I always wondered if the song was completely fictional or inspried by a real forger.  Last night, I think got the answer, thanks to a 60 Minutes piece on Wolfgang Beltracchi.  As the setup explains:
Wolfgang Beltracchi is a name you may never have heard before.  Very few people have. But his paintings have brought him millions and millions of dollars in a career that spanned nearly 40 years. They have made their way into museums, galleries, and private collections all over the world.  What makes him a story for us is that all his paintings are fakes. And what makes him an unusual forger is that he didn’t copy the paintings of great artists, but created new works which he imagined the artist might have painted or which might have gotten lost. Connoisseurs and dealers acknowledge that Beltracchi is the most successful art forger of our time -- perhaps of all time. Brilliant not only as a painter, but as a conman of epic proportions.
Now, the song is not Beltracchi's story.  For one thing, the song indicates that its hero wanted to get caught:
His time bombs are in place
And anachronisms
Clues pointing to the truth
If ever they are X-rayed
It's clear from the story that Beltracchi didn't want to get caught, which he did.  He was sentenced to six years in prison and his wife/codefendant to four.  As for how he got caught?
But then in 2010, he got busted by this tube of white paint. 
The Dutch manufacturer didn’t include on the tube that it contained traces of a pigment called titanium white.

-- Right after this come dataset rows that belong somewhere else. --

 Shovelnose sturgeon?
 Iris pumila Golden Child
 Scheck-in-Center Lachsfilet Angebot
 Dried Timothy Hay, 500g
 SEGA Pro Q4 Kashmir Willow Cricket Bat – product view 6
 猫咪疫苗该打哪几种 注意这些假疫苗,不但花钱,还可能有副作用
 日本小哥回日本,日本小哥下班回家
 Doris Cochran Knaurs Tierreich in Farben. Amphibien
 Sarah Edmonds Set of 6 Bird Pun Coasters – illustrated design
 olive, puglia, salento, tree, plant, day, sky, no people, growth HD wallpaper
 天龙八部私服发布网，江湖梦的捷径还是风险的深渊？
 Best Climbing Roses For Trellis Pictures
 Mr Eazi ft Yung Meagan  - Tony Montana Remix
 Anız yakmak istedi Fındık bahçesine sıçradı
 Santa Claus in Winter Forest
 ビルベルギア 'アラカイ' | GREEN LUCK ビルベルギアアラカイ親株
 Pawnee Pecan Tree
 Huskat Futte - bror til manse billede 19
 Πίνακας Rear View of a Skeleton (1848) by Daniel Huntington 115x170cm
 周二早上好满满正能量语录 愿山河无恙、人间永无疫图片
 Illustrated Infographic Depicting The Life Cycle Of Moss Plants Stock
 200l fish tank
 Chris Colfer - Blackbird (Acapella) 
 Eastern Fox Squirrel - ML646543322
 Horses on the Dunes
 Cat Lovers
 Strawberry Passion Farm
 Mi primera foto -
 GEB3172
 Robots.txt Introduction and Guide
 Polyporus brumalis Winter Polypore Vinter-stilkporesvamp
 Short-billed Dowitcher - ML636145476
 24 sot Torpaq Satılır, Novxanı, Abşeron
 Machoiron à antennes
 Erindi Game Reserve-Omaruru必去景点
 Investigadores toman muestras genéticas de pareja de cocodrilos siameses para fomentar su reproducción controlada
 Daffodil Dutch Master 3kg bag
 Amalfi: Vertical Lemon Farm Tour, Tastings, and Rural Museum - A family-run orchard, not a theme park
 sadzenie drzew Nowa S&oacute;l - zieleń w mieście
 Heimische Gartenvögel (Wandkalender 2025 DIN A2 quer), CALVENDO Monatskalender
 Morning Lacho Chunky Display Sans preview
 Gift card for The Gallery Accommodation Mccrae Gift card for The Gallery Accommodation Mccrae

That form of titanium white wasn’t available when [Max] Ernst would have painted these works and Beltracchi’s high ride was over.
Which is interesting, because in the song, our hero:
Wrote legends in lead white
to trick the experts
And hoodwink the trained eye
Coincidence?  Could be.  But Beltrachhi's story must have been in the news in Europe sometimes before "Judas Unrepentant" was written, so it makes sense that one served as inspiration for the other.

One thing I will say for the song is that is provides something the 60 Minutes piece doesn't, which is answering why go through all trouble?  Beltracchi is a staggeringly talented guy.  Presumably he could have been a successful artist under his own name, so why all the fraud?  "Judas Unrepentant" has an answer:
He's painting revenge
Embittered by lack of success
* * * 
Expressing contempt
For greedy dealers
Getting rich
At the artist's expense
Revenge as the long con.  I like it, although it all comes to a tragic end, sadly.

I think what makes art forgets so interesting is that they tend to poke a finger in the eye of the art world, challenging its aesthetic bona fides and pointing out how, so often, people only care about the name attached to a work, not the work itself.  To that end, I applaud this collector:
This $7 million dollar fake Max Ernst is being shipped back to New York.  Its owner decided to keep it even after it had been exposed as a fake. He said it’s one of the best Max Ernsts he’s ever seen.
Because, in the end, the important thing shouldn't be whether the signature on the bottom makes your friends jealous, but whether the art moves you and makes you think about it.

* The similarly named English Electric by OMD, however, grabbed me right away, for what it's worth.